◆ **PROBLEM TO WORK ON**:
Write out the entire listing below exactly as it appears, minus any pictures.

◆ **SUPPLIED MATERIAL**:
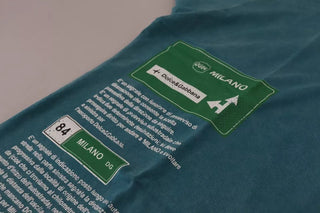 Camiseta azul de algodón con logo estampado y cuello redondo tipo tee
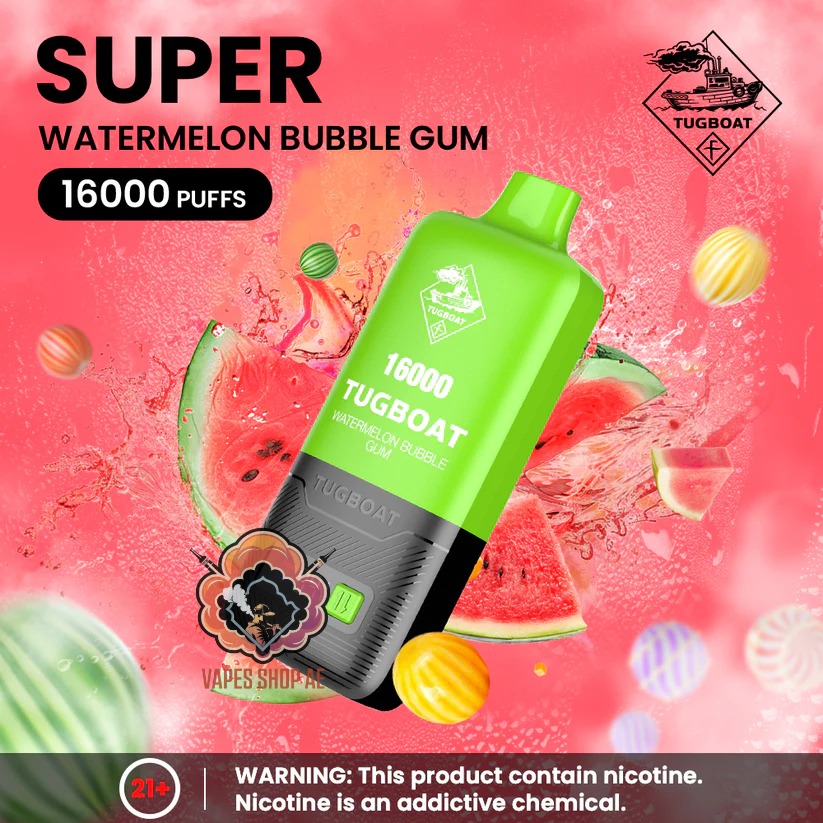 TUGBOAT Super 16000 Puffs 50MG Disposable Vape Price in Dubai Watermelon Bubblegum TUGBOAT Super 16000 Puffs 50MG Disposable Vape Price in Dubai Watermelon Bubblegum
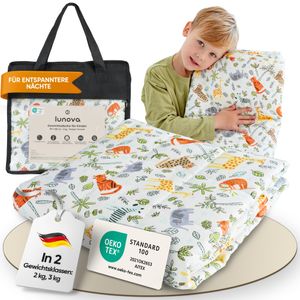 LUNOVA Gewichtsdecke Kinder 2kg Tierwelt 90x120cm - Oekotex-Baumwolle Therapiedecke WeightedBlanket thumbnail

◆ **OUTPUT OF THE EXERCISE**:
 Camiseta azul de algodón con logo estampado y cuello redondo tipo tee
 TUGBOAT Super 16000 Puffs 50MG Disposable Vape Price in Dubai Watermelon Bubblegum TUGBOAT Super 16000 Puffs 50MG Disposable Vape Price in Dubai Watermelon Bubblegum
 LUNOVA Gewichtsdecke Kinder 2kg Tierwelt 90x120cm - Oekotex-Baumwolle Therapiedecke WeightedBlanket thumbnail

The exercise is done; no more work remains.